# Work required
Look at each line of the listing. Copy those that hold the string "over".

# Given data
————
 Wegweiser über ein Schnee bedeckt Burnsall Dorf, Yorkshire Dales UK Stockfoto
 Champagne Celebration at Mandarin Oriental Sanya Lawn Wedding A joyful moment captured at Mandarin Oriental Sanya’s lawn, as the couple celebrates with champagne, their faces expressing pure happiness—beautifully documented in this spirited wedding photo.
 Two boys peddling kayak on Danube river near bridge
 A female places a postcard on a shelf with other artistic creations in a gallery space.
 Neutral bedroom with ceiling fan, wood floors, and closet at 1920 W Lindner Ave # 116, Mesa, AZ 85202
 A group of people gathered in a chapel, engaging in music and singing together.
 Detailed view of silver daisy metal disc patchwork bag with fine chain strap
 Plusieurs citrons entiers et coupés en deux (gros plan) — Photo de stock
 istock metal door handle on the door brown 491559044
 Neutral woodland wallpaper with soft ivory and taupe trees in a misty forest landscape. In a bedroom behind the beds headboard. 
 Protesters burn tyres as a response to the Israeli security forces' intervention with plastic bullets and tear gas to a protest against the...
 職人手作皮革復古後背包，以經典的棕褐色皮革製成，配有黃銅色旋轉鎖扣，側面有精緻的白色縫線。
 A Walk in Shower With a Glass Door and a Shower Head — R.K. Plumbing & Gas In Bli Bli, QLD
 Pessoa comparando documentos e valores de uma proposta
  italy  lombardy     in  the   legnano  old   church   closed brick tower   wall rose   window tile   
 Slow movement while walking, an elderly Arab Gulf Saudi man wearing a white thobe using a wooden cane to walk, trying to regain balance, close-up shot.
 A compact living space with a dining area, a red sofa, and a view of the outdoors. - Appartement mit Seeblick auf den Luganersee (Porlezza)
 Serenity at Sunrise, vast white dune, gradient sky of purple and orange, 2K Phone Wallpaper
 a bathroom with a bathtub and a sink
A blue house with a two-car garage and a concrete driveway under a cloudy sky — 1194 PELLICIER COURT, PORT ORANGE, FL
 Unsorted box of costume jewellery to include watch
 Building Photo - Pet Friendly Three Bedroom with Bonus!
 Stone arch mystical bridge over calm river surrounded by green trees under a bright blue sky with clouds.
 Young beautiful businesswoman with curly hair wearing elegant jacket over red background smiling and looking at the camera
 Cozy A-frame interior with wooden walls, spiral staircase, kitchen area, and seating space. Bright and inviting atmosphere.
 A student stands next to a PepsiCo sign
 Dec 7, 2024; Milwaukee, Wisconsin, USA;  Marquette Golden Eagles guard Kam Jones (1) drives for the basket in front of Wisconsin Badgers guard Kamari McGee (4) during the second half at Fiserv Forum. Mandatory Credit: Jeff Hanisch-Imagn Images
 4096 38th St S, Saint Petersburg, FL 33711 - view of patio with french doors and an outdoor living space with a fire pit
————
# Output for this task
 Stone arch mystical bridge over calm river surrounded by green trees under a bright blue sky with clouds.
 Young beautiful businesswoman with curly hair wearing elegant jacket over red background smiling and looking at the camera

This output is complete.